DENVER -- When Brandon McManus took to the field before the Broncos' preseason game against the 49ers, a special visitor whose life had been changed by the Broncos kicker was waiting for him.
Two years ago, McManus was a guest at the Global Down Syndrome Foundation's 2015 "Be Beautiful, Be Yourself" Fashion Show in Denver. While there, he heard a touching story about Ryder Braden, a 9-year-old boy with Down syndrome who was being bullied. For nothing more than for who he is, how he talks and how he throws a football, Ryder was being harassed by his neighbor.
Looking for help, Ryder's mother, Season Hillery, contacted the police to see if there was any way they could intervene. In short, they told her that they couldn't stop the bully from saying whatever he wanted.
"It was really hard to be a parent and accept that people can just say what they want to you, and you can't protect your child who can't defend themselves," Hillery said. "Brandon volunteered to come over and show his support for Ryder and play football in front of the neighbor to show him that if no one else cared, the Broncos did."
After meeting the family for an afternoon of playing catch, McManus had become Ryder's hero.
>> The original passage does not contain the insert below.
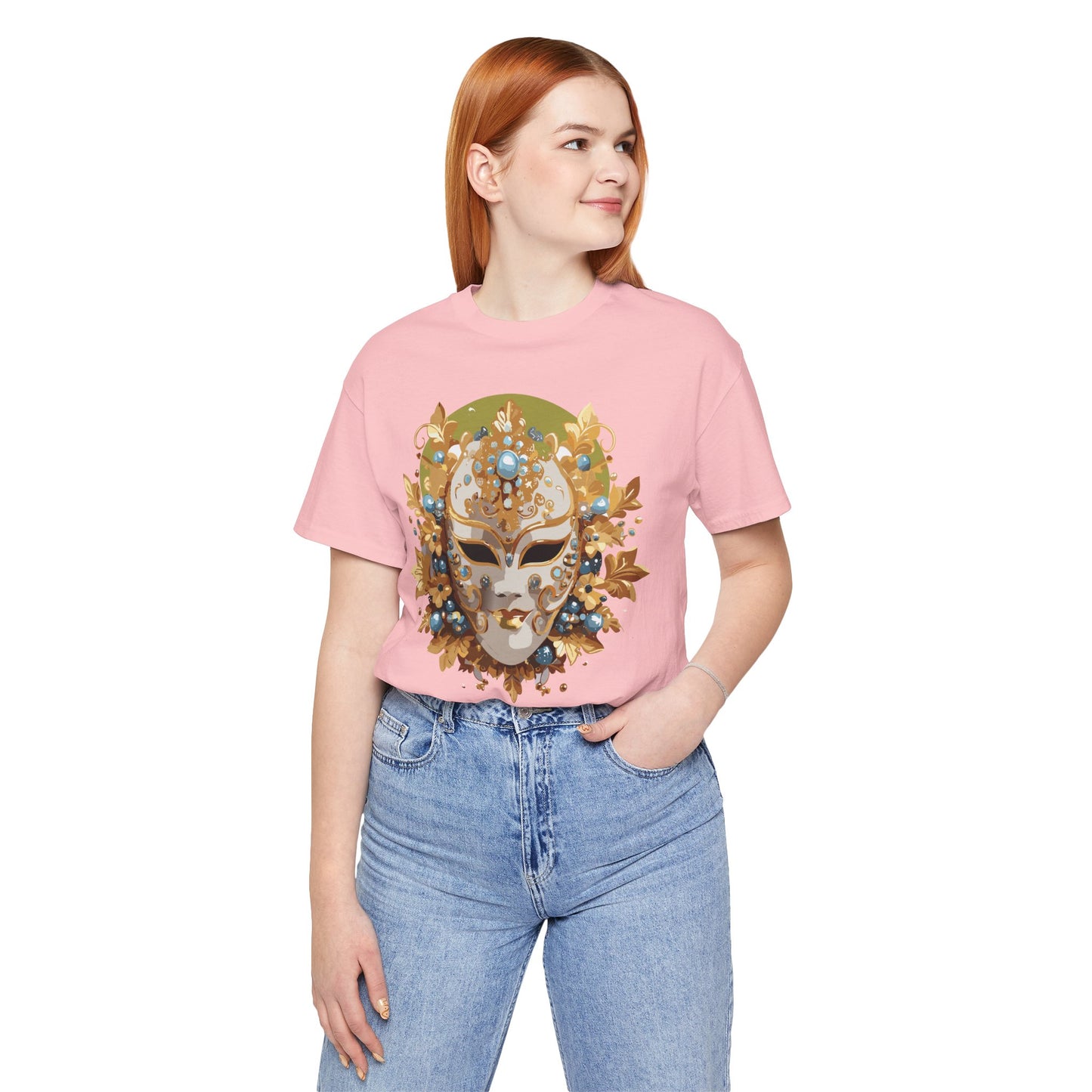 Mask Shirt, Shirt with Mask, Tee Shirt with Gold Face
Season had taken a video of the two playing together, and Ryder watches it almost every day.
Before the Broncos' preseason home opener, Ryder and Season were on the field before kickoff as part of the Broncos' fan thank-you moment to 90 Broncos Country representatives. While the mother and son watched warm-ups, McManus strode over to them to say hello and welcome them to his home turf for Ryder's second Broncos game.
"We stay in touch all the time," McManus said, "He has this football that he loves … and he brought it to the game Saturday, as well. … He had a polo that was all decked out with my name and number and 'Anti Bully Squad' all over it. Just to see how well they're doing, and as he continues to do well, [means a lot]."
The Anti Bully Squad is a foundation that McManus co-founded along with former music manager Tom Peterson in September 2014. The impact McManus had on Ryder is exactly why he started it.
"Just seeing his face light up and the enjoyment that his mother had, and that Ryder had," McManus said, "it really touched me, and I wanted to do something so that I could help this cause."
From the face-to-face insults Ryder faced, to the cyber-bullying that's become more prevalent with the rise of social media in the past decade or so, McManus aims to tackle whatever he can. He gives children as many avenues to find help as he can.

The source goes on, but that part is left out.